_Assignment:_
Output exactly the lines between the one holding "Модель Портера 5 конкурентных" and the last line of the data below, both of those lines included.

_Stored data entries:_
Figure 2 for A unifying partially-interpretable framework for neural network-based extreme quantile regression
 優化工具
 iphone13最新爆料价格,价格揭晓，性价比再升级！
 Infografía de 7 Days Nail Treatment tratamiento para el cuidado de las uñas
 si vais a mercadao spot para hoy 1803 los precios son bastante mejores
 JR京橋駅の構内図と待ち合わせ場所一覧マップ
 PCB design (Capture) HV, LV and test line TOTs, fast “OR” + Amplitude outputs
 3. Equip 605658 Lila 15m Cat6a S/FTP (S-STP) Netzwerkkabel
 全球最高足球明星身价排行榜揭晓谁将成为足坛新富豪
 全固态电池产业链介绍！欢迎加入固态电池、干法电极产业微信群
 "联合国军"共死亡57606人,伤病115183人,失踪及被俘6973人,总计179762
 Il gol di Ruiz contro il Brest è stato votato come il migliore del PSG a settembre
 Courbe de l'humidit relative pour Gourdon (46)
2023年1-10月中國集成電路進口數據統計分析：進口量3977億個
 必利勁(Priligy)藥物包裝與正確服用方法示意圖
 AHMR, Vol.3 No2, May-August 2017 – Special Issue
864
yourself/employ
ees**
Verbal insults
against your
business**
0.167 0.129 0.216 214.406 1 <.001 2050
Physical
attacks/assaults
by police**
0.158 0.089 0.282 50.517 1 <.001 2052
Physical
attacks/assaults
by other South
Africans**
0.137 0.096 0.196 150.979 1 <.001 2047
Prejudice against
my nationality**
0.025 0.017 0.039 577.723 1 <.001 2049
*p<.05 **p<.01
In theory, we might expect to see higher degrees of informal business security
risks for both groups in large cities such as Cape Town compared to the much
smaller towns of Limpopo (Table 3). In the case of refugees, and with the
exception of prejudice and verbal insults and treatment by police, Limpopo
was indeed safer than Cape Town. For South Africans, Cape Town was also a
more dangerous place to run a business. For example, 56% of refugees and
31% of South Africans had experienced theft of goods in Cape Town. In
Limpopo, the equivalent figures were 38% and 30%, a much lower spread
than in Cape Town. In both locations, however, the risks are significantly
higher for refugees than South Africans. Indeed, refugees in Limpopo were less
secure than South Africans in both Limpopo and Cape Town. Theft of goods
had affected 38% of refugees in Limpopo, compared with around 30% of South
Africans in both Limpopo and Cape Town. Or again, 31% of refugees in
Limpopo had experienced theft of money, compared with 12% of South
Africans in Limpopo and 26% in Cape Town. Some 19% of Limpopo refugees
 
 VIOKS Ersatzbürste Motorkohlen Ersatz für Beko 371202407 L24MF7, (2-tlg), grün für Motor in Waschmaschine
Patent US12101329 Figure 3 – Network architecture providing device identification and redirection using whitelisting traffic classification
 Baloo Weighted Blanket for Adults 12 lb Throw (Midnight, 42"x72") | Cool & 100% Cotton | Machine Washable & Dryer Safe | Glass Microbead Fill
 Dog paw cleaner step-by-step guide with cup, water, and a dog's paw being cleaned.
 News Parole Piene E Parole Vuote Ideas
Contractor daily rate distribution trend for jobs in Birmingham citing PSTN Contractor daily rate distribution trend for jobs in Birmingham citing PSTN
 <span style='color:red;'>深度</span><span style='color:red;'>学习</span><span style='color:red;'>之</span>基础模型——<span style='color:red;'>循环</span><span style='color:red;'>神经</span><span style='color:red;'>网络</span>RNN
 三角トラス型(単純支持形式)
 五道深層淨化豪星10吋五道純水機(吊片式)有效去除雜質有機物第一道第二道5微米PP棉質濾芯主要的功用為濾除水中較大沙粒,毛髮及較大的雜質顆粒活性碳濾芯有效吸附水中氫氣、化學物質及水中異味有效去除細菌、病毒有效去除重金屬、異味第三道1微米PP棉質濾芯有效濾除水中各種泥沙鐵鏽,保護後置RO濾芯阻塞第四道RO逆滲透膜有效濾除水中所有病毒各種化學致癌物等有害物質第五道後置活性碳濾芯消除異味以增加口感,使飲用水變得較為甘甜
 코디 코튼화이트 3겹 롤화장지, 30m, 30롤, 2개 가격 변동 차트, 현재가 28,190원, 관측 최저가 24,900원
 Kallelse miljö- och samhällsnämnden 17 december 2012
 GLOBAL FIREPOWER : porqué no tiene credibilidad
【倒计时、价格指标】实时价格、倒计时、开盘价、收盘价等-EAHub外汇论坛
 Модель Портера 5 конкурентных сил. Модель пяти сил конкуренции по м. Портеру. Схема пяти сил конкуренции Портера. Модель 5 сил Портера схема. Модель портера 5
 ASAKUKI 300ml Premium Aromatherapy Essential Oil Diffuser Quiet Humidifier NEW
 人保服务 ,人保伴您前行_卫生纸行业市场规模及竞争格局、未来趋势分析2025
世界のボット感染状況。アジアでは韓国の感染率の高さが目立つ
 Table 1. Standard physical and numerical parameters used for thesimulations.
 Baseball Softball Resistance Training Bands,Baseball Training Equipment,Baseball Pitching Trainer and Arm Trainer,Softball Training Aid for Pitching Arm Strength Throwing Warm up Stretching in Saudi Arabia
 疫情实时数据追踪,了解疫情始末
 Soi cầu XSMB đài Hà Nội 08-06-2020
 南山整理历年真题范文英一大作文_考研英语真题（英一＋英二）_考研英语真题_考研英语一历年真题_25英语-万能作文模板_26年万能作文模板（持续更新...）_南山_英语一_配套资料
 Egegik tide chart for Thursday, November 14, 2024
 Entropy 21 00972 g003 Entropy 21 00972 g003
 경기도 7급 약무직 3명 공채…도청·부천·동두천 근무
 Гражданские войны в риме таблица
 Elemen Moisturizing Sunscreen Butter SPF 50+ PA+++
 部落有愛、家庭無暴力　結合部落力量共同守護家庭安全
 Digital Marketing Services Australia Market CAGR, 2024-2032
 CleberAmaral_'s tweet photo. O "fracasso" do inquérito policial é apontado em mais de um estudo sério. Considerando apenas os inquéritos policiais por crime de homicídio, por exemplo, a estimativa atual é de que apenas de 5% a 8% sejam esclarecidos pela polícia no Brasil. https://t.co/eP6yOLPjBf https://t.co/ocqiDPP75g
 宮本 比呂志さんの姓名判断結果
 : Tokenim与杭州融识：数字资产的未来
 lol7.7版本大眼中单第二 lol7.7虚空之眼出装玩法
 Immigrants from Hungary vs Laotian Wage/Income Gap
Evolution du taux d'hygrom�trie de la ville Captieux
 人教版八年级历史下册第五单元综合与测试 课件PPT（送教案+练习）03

_Task response:_
 Модель Портера 5 конкурентных сил. Модель пяти сил конкуренции по м. Портеру. Схема пяти сил конкуренции Портера. Модель 5 сил Портера схема. Модель портера 5
 ASAKUKI 300ml Premium Aromatherapy Essential Oil Diffuser Quiet Humidifier NEW
 人保服务 ,人保伴您前行_卫生纸行业市场规模及竞争格局、未来趋势分析2025
世界のボット感染状況。アジアでは韓国の感染率の高さが目立つ
 Table 1. Standard physical and numerical parameters used for thesimulations.
 Baseball Softball Resistance Training Bands,Baseball Training Equipment,Baseball Pitching Trainer and Arm Trainer,Softball Training Aid for Pitching Arm Strength Throwing Warm up Stretching in Saudi Arabia
 疫情实时数据追踪,了解疫情始末
 Soi cầu XSMB đài Hà Nội 08-06-2020
 南山整理历年真题范文英一大作文_考研英语真题（英一＋英二）_考研英语真题_考研英语一历年真题_25英语-万能作文模板_26年万能作文模板（持续更新...）_南山_英语一_配套资料
 Egegik tide chart for Thursday, November 14, 2024
 Entropy 21 00972 g003 Entropy 21 00972 g003
 경기도 7급 약무직 3명 공채…도청·부천·동두천 근무
 Гражданские войны в риме таблица
 Elemen Moisturizing Sunscreen Butter SPF 50+ PA+++
 部落有愛、家庭無暴力　結合部落力量共同守護家庭安全
 Digital Marketing Services Australia Market CAGR, 2024-2032
 CleberAmaral_'s tweet photo. O "fracasso" do inquérito policial é apontado em mais de um estudo sério. Considerando apenas os inquéritos policiais por crime de homicídio, por exemplo, a estimativa atual é de que apenas de 5% a 8% sejam esclarecidos pela polícia no Brasil. https://t.co/eP6yOLPjBf https://t.co/ocqiDPP75g
 宮本 比呂志さんの姓名判断結果
 : Tokenim与杭州融识：数字资产的未来
 lol7.7版本大眼中单第二 lol7.7虚空之眼出装玩法
 Immigrants from Hungary vs Laotian Wage/Income Gap
Evolution du taux d'hygrom�trie de la ville Captieux
 人教版八年级历史下册第五单元综合与测试 课件PPT（送教案+练习）03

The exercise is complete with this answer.